Directions for this task>
Having located "Assignment number three: we're", write out its line and the remaining lines of the material exactly, the last one included, but not the pictures.

:: Working data

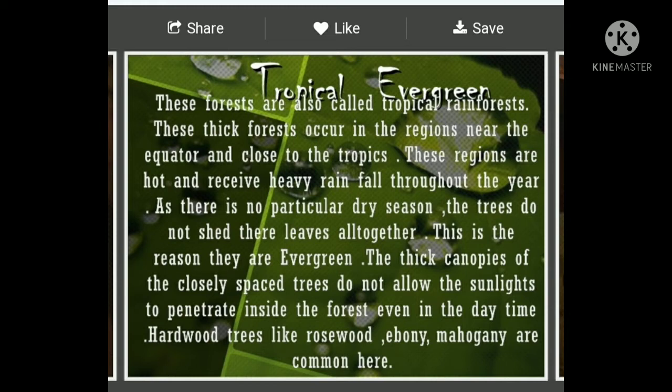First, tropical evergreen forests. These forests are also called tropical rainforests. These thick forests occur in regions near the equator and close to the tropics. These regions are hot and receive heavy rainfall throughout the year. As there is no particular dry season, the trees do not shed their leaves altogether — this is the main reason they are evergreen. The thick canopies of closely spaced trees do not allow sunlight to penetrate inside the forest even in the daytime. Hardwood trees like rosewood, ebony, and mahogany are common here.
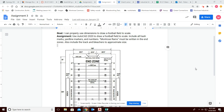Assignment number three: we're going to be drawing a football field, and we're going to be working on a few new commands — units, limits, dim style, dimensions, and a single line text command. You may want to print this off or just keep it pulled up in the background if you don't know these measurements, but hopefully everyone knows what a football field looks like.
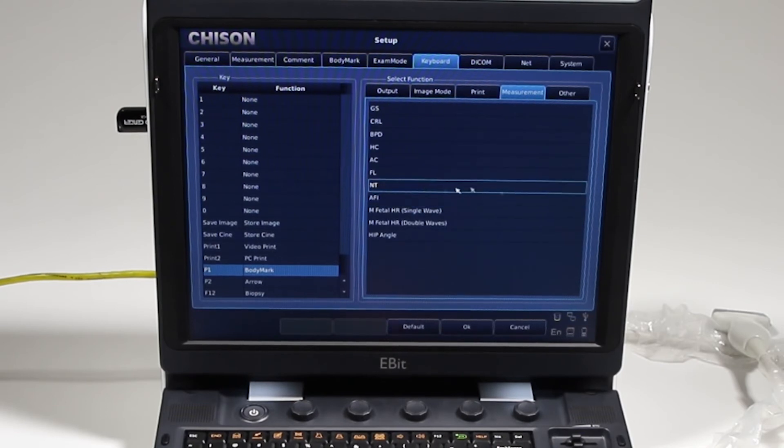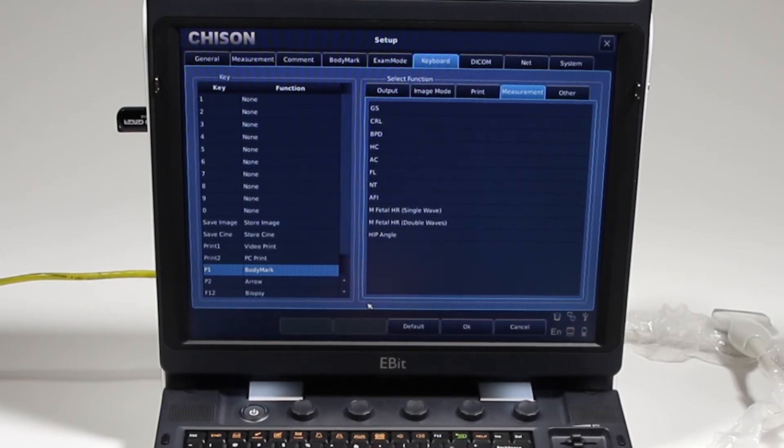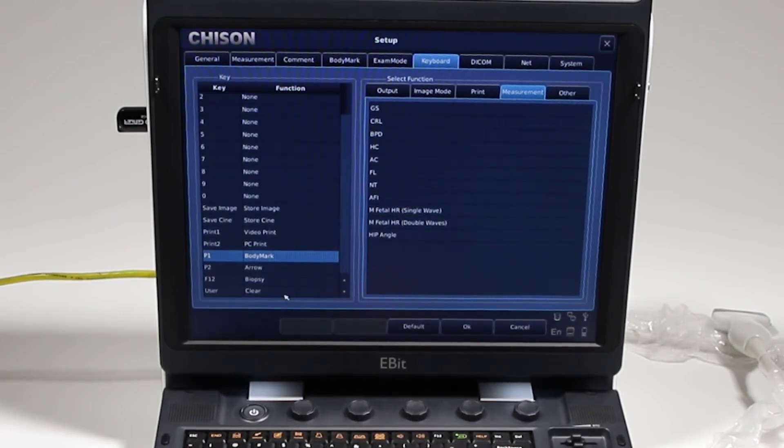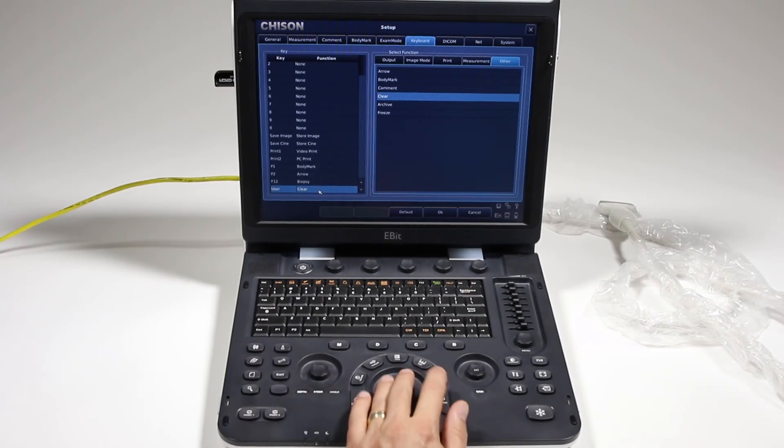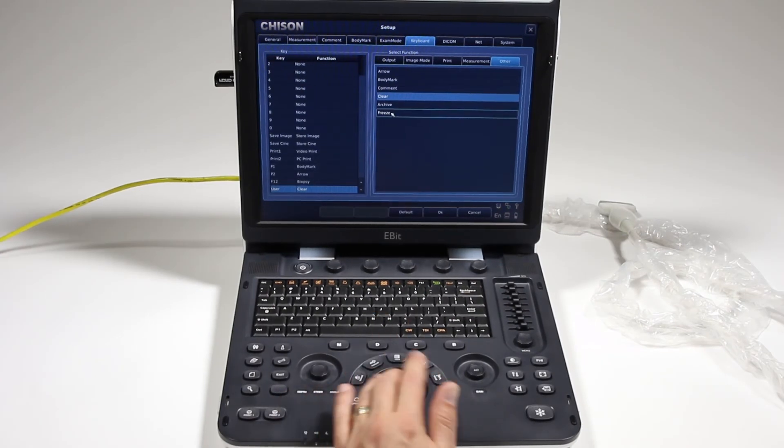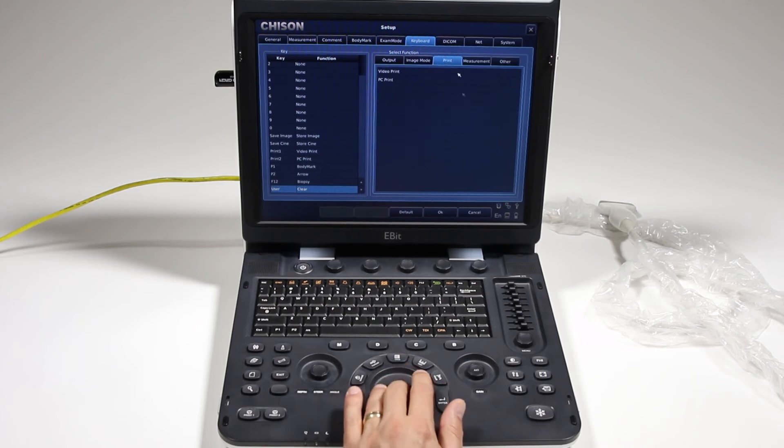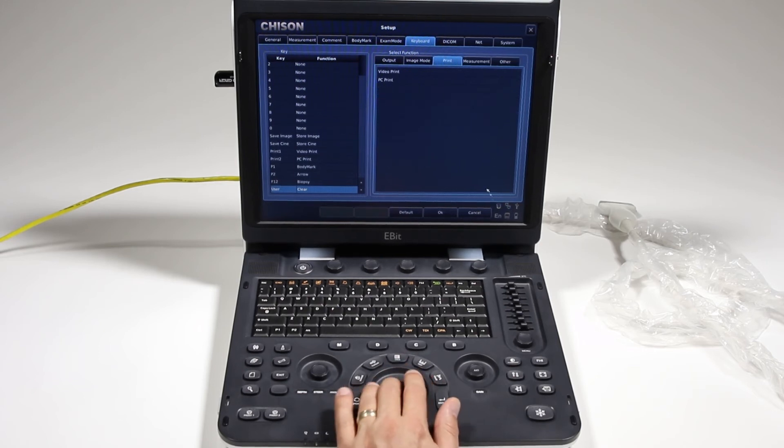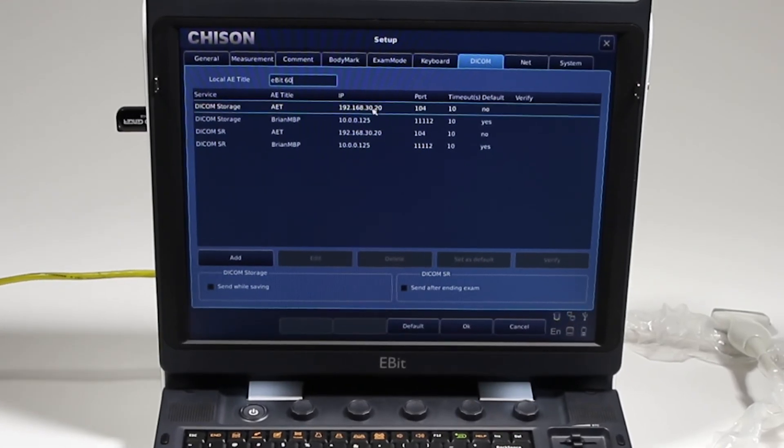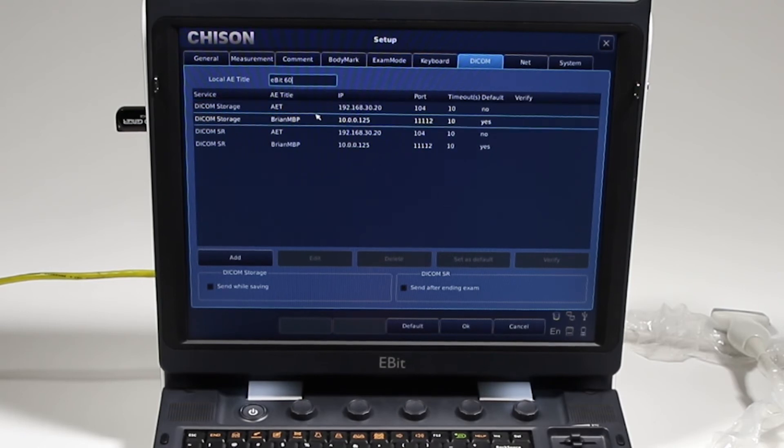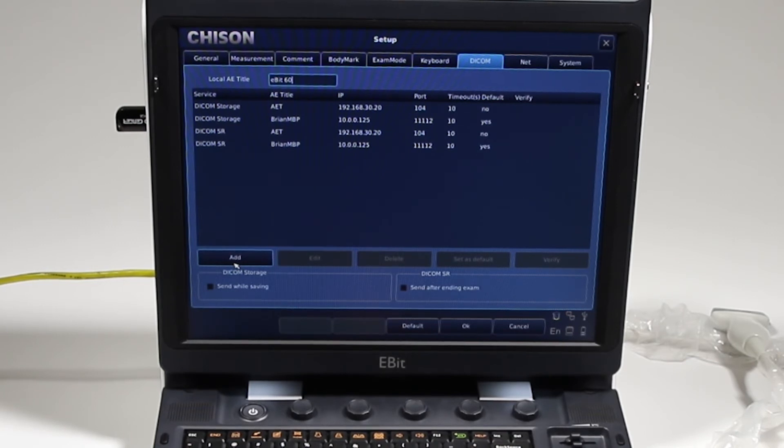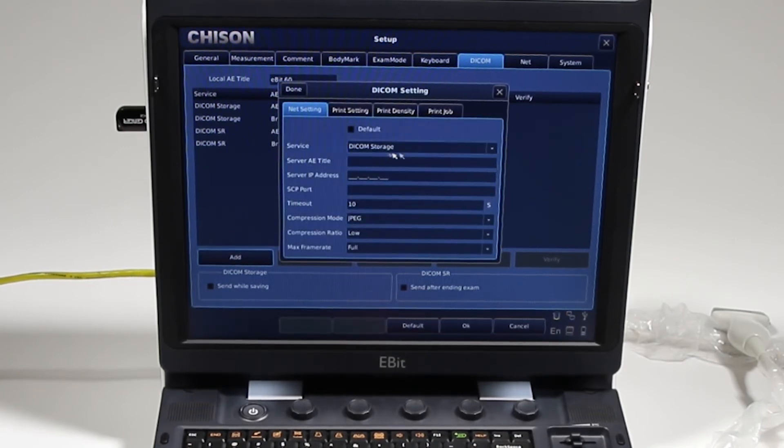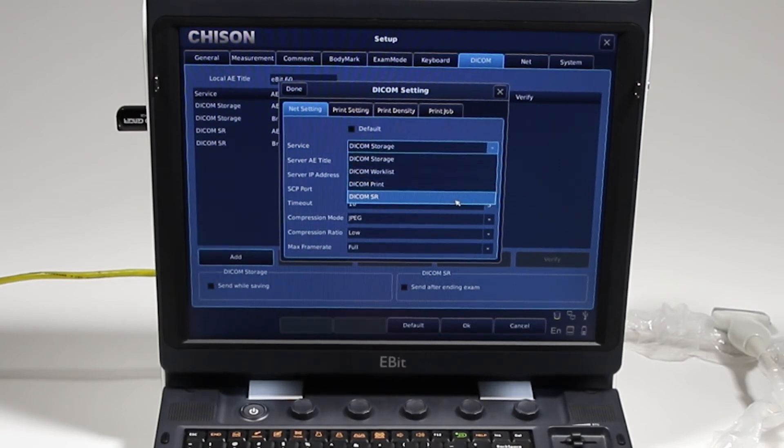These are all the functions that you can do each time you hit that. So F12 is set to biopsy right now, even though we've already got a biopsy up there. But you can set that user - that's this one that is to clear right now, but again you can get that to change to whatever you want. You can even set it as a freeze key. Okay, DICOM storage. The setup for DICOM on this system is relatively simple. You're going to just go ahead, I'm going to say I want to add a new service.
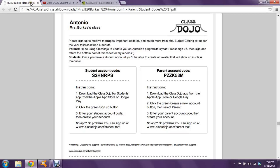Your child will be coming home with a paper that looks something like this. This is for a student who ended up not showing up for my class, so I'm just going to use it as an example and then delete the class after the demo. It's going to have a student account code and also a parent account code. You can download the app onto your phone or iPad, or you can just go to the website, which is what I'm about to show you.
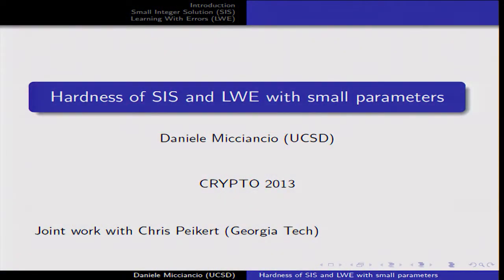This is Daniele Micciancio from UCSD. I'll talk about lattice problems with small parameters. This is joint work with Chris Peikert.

::::

Problem solution>
Assignment number three: we're going to be drawing a football field, and we're going to be working on a few new commands — units, limits, dim style, dimensions, and a single line text command. You may want to print this off or just keep it pulled up in the background if you don't know these measurements, but hopefully everyone knows what a football field looks like.
These are all the functions that you can do each time you hit that. So F12 is set to biopsy right now, even though we've already got a biopsy up there. But you can set that user - that's this one that is to clear right now, but again you can get that to change to whatever you want. You can even set it as a freeze key. Okay, DICOM storage. The setup for DICOM on this system is relatively simple. You're going to just go ahead, I'm going to say I want to add a new service.
Your child will be coming home with a paper that looks something like this. This is for a student who ended up not showing up for my class, so I'm just going to use it as an example and then delete the class after the demo. It's going to have a student account code and also a parent account code. You can download the app onto your phone or iPad, or you can just go to the website, which is what I'm about to show you.
This is Daniele Micciancio from UCSD. I'll talk about lattice problems with small parameters. This is joint work with Chris Peikert.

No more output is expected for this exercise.